I just saw Clint Eastwood’s “Gran Torino” over the weekend, and I immediately wondered, upon leaving the theater, how it managed to get left out of the recent blog discussion about movies dealing with international relations.
The movie examines the long-term effects of war, as reflected in its impact on individuals, but also on the movement of peoples and, by consequence, on culture and society. The Korean War haunts Eastwood’s Walter Kowalski to the point that he conflates his entire reality through the warped and distorted lens of his own prejudices. His life spent working in a Detroit car-manufacturing plant becomes a WWII rearguard action against the Japanese.
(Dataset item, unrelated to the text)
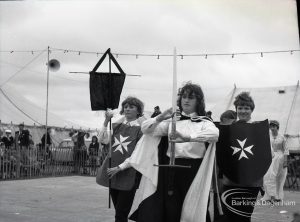 Dagenham Town Show 1965, showing open air religious play, with three people, two with Maltese crosses, 1965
He even refers to the soldiers he fought and killed in Korea as Japanese, and is unaware that his Hmong neighbors, who he lumps in with the rest of his nameless mass of “Asian enemies,” actually fled their homeland because they had fought on the U.S. side in the Vietnam War.
The film deftly shows how wars that ended roughly 65, 55 and 35 years ago continue to have a daily impact on peoples’ — and nations’ — lives today. I left the theater thinking about the Iraqi interpreters who have worked for U.S. forces for the past six years, to say nothing of the Iraqi refugees that have yet to return home from Syria, Jordan and elsewhere in the region. We hear less about Afghan refugees, but I’m sure they exist, as does the problem that will be faced by those Afghans who have cooperated with U.S. and NATO forces once we withdraw.
Eastwood’s movie frames the issue within the context of religious salvation, and in some ways suggests that war can only end through the Christ-like self-sacrificial offering of those who have yet to make peace. That serves his artistic purposes. But for those left behind, in reality even more so than in the film, the war in many ways continues, long after hostilities have been declared over.